Sin embargo, argumentan algunos científicos, algo de esa ventaja puede continuar hoy a nivel individual cuando una persona religiosa tiene una vida ordenada, que lo hace más atractivo a la hora de conseguir una pareja. Algo similar sostiene el antropólogo Richard Sosis, de la Universidad de Jerusalén, quien encontró que aún hoy los rituales constituyen momentos privilegiados para demostrar la pertenencia al grupo y la disposición a hacer sacrificios por ser incluido. El mismo Sosis aseguró haber encontrado un ejemplo actual de la religión como ventaja adaptativa cuando en 2003 demostró que las comunidades religiosas lograron superar con más frecuencia que las seculares las crisis que terminaron con la mayoría de los kibbutz, sobre todo por la tendencia de los primeros a seguir esforzándose cooperativamente como si tuvieran una misión más allá de sus intereses individuales.
La cuestión dista mucho de estar cerrada y promete años de debates curiosamente apasionados, como si la religión lograra, aun entre los científicos, despertar pasiones de cierto fanatismo, aunque por suerte sin amenazas de guerra o pogrom.
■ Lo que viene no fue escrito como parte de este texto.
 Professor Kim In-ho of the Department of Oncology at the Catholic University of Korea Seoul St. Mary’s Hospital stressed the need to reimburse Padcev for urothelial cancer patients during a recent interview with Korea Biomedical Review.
Pero tal vez el mayor problema reside en operar en la difusa frontera entre naturaleza y cultura: decidir si un comportamiento social determinado es una ventaja adaptativa o no lo es depende en buena medida de que a priori se acepte la posibilidad de que cualquier conducta necesariamente tenga que tener una ventaja adaptativa detrás, aunque más no sea modificada hasta hacerse irreconocible. ¿Se puede hablar de una ventaja adaptativa cuando Max Weber explica el desarrollo capitalista de los países del norte de Europa porque las prácticas protestantes eran más funcionales que otras al sistema económico?
Las ciencias sociales incluso han estudiado las consecuencias de la “muerte de la fe en los dioses”, como la llama Machado: el retroceso de la religión como organizador social redujo los niveles de cohesión y autoridad, aumentado los de conflicto. Este fenómeno, visto desde los ojos de la evolución, permitiría decir que aquella sociedad en la que el mandato de aceptar el destino es más fuerte que el deseo de luchar por la igualdad, resulta más funcional y por lo tanto tiene más posibilidades de sobrevivir, algo que parece exceder demasiado lo que intenta explicar la biología.
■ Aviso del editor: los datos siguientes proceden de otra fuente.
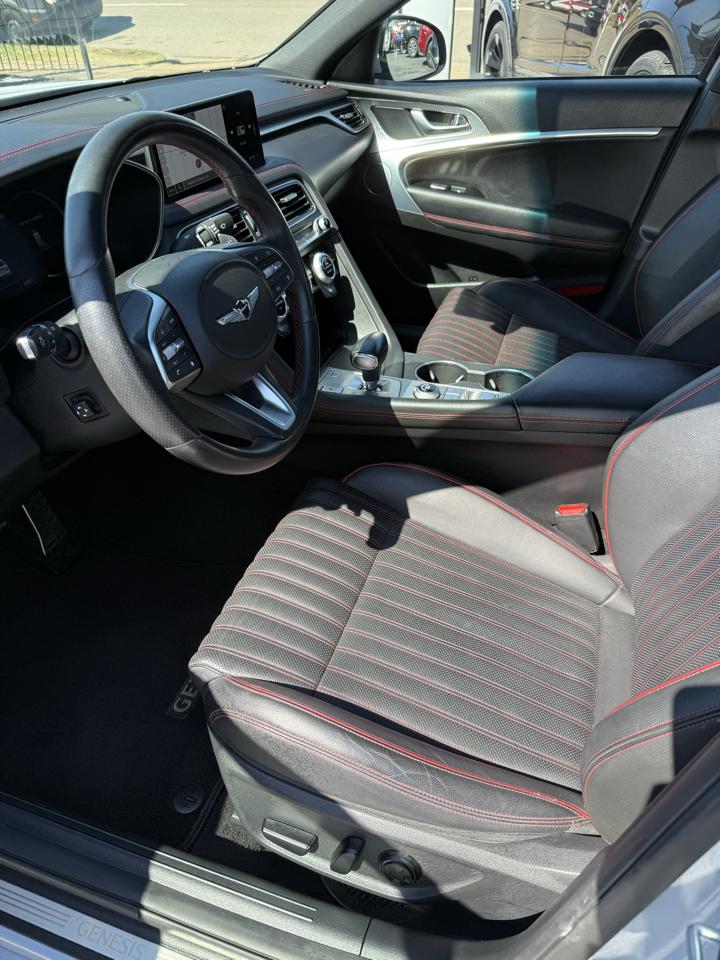 Genesis G70  2023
Si bien las argumentaciones parecen razonables hasta cierto nivel, resulta difícil saber hasta dónde. Si se llevan los argumentos evolutivos a fondo se puede llegar a absurdos como pensar que la Iglesia Católica manejará el mundo porque sus creyentes se reproducen masivamente, al no usar anticonceptivos, y que esto constituye una ventaja adaptativa. Es detrás de esta delicada frontera, difícil de determinar con precisión, que deberá moverse el debate para continuar siendo fructífero.
Así las cosas, y aunque la respuesta resulte esquiva desde casi cualquier perspectiva, la pregunta sigue despertando curiosidad: ¿por qué todas las civilizaciones tienen sus dioses?